Two quantum leaps in quantum communication

3 min read
Researchers Achieve Long-Distance Teleportation and Quantum Entanglement With Twisted Photons
A green beacon laser is sent from the Jacobus Kapteyn Telescope on the Canary Island of La Palma to a receiver on the island of Tenerife
Photo: University of Vienna

During the past three decades, the theory of quantum communication and computing has progressed with the addition of new protocols and algorithms.  However, implementing these theories in order to design a future quantum Internet is a continuing challenge because actually building the technology required for processing quantum information, such as the still elusive quantum repeater, has proven extremely difficult.   

Anton Zeilinger, a researcher at the University of Vienna, is one of the pioneers in quantum communication; his group in Austria realized the first teleportation of photons in 1997. On Monday last week, Zeilinger and his team published two papers in the Proceedings of the National Academy of Sciences (PNAS) that report a breakthrough in the teleportation of entanglement. They generated entanglement between independent qubits over a record distance of 143 kilometers, linking the Canary Islands of La Palma and Tenerife. They also achieved entanglement of twisted photons across a distance of 3 km.

For the teleportation of entanglement, also known as entanglement swapping, the researchers made use of a curious phenomenon. It’s possible to entangle two photons by performing a joint measurement on them, known as a Bell-state measurement. These photons are then linked, and by switching the polarization of one of them, for example from up to down, the other photon will have its polarization switched from down to up. Assume you have two pairs of entangled photons, "0" and "1" in the receiving station and "2" and "3"  in the transmitting station. Both entangled pairs are completely unaware of each other; in other words, no physical link exists.  Now, assume you send photon 3 from the transmitter to the receiver,  and perform a Bell-state measurement simultaneously on photon 3 and on photon 1. As a result, 3 and 1 become entangled.  But surprisingly, photon 2, which stayed home, is now also entangled with photon 0, at the receiver. The entanglement between the two pairs has been swapped, and a quantum communication channel has been established between photons 0 and 2, although they’ve never been formally introduced.

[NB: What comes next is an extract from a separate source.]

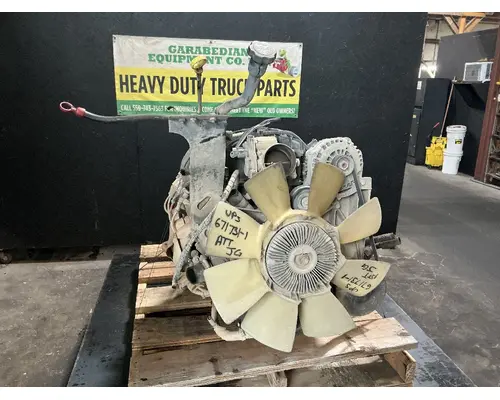 GM V8-6.0L-Gasoline Engine Assembly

Entanglement swapping in conjunction with quantum memory will be an important component of future secure quantum links with satellites, says Thomas Scheidl, a member of Zeilinger's research group. 

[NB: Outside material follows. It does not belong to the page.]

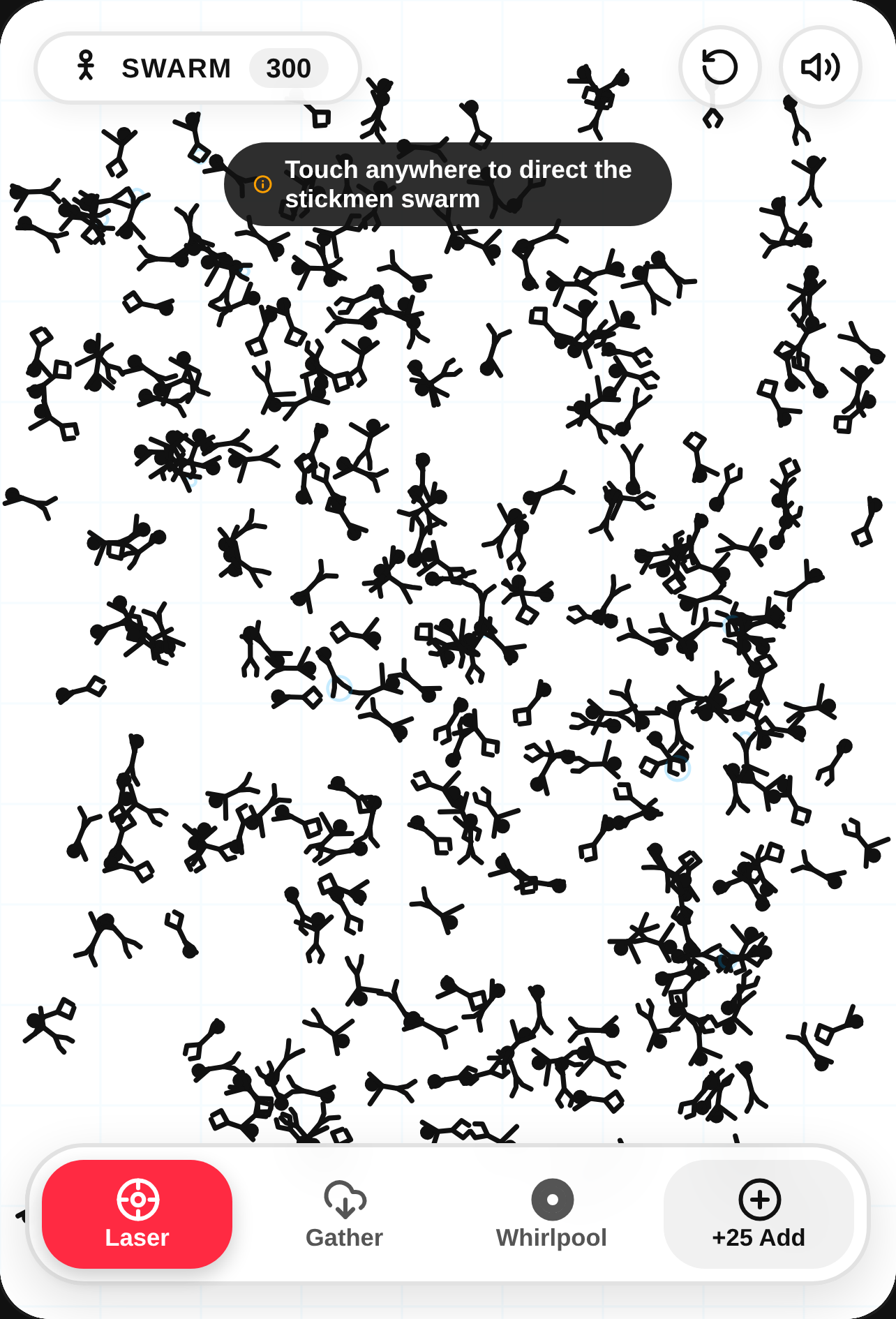 Swarm Lab - 300 Swimming Stickmen cover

According to Mario Krenn, a member of Zeilinger’s research group, the team is working with a group at the University of Science and Technology of China on a satellite project. Next year, when the Chinese Academy of Science launches its Quantum Science Satellite (which will have an onboard quantum source), the satellite and ground stations in Europe and China will form the first space-Earth quantum network. Says Krenn: “You would create two quantum channels between the space station, one linking with Europe, and one with China. You can combine the results and obtain 100 percent secure quantum communication.”

Krenn is a coauthor of the second PNAS paper, which describes the entanglement of twisted photons despite having been located in buildings that are 3 km apart. A year ago, we reported in IEEE Spectrum the Vienna team's experiment with the transmission of another quantum state of light, orbital angular momentum (AOM), over a similar distance. “Last year was a necessary step, and it was successful,” says Krenn. “And now we were able to show that on the single photon level, each photon can keep information in the form of orbital angular momentum over a large distance, and can be entangled even after three kilometers.” 

Photons can only exist in two polarization states or levels, up and down. But the number of orbital angular momentum states is, in theory, unlimited, explains Krenn. “In the lab, we have shown that we can create a 100-dimensional entanglement—up to a hundred different levels of the photons can be entangled.” 

To find out whether entanglement with OAM modes can be achieved across a turbulent atmosphere, the researchers created polarized photon pairs in the sender. Both were sent (one with a delay) to the receiver via a 30-meter optical fiber. Before being sent to the receiver, the photon sent without delay had its polarization state transformed into one of two OAM states that corresponded to the original polarization state. By performing separate but simultaneous measurements of the quantum states of both the slightly delayed photon in the sender and the photon detected in the receiver, the researchers found that the two photons were entangled. 

“We were sure that entanglement took place,” says Krenn. “The measurements were prepared in such a way that there was no classical [not quantum] bypass of information.” Krenn notes that the measurement results could not influence each other because the distance was too large even for a speed-of-light signal to traverse the stations when the first one was measured. 

The control of twisted quantum states is much more complicated than the control of polarization states, but the possibility of being able to entangle photons on multiple levels is worth the effort, says Krenn.